* What is expected *
Give the number of lines in the records that include the word "choose", and nothing besides.

----------------

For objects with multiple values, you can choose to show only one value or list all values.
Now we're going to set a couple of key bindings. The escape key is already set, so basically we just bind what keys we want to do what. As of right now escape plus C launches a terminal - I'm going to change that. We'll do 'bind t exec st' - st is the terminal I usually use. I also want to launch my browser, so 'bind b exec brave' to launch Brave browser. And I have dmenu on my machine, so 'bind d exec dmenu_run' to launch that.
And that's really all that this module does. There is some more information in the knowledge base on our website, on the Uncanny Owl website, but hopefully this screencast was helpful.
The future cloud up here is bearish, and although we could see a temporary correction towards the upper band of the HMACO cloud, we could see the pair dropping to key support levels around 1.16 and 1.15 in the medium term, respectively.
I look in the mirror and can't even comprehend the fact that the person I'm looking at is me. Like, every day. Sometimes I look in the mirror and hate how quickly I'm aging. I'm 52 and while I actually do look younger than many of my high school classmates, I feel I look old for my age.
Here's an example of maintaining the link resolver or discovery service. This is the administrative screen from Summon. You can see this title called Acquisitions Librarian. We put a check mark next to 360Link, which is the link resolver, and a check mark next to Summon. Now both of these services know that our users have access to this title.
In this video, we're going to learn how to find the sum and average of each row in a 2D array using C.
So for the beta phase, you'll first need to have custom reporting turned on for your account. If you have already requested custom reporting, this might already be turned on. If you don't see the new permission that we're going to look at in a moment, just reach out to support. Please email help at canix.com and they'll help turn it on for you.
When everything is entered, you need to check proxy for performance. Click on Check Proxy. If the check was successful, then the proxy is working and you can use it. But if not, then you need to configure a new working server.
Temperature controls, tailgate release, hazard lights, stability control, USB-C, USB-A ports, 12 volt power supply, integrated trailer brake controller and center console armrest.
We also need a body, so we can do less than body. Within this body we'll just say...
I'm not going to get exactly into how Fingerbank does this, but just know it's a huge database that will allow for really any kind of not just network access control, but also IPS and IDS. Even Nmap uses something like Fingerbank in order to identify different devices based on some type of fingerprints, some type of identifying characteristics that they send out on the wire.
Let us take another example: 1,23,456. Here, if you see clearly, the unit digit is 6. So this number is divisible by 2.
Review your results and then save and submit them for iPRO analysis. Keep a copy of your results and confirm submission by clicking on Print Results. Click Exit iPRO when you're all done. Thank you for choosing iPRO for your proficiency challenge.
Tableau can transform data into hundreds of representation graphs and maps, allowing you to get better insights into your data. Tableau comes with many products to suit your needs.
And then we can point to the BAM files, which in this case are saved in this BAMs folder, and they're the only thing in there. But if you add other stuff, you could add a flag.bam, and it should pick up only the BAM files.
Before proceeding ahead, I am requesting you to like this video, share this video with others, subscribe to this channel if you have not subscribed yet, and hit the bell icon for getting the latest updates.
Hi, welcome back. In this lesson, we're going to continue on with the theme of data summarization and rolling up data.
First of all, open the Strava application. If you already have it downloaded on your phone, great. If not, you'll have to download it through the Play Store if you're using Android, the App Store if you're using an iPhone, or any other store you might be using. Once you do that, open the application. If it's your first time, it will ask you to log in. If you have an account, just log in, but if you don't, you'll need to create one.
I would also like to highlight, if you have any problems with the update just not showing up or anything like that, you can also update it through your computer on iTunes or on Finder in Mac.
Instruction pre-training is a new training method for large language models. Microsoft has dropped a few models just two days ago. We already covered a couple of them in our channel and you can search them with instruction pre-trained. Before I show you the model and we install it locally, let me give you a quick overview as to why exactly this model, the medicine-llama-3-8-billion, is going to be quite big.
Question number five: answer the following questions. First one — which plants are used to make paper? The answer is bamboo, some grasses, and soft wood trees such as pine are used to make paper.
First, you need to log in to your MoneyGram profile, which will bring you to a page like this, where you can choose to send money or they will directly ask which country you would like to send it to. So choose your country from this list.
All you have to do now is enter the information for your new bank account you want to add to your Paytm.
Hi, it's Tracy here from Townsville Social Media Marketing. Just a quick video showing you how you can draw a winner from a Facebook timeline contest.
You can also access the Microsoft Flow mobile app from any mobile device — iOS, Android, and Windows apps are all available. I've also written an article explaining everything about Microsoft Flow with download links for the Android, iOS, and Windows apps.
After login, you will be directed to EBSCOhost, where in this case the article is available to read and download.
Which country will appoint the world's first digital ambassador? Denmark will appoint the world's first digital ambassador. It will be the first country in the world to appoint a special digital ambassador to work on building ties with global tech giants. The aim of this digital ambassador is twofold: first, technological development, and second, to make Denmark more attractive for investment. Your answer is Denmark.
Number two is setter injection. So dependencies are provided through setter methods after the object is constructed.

----------------

* Reply *
2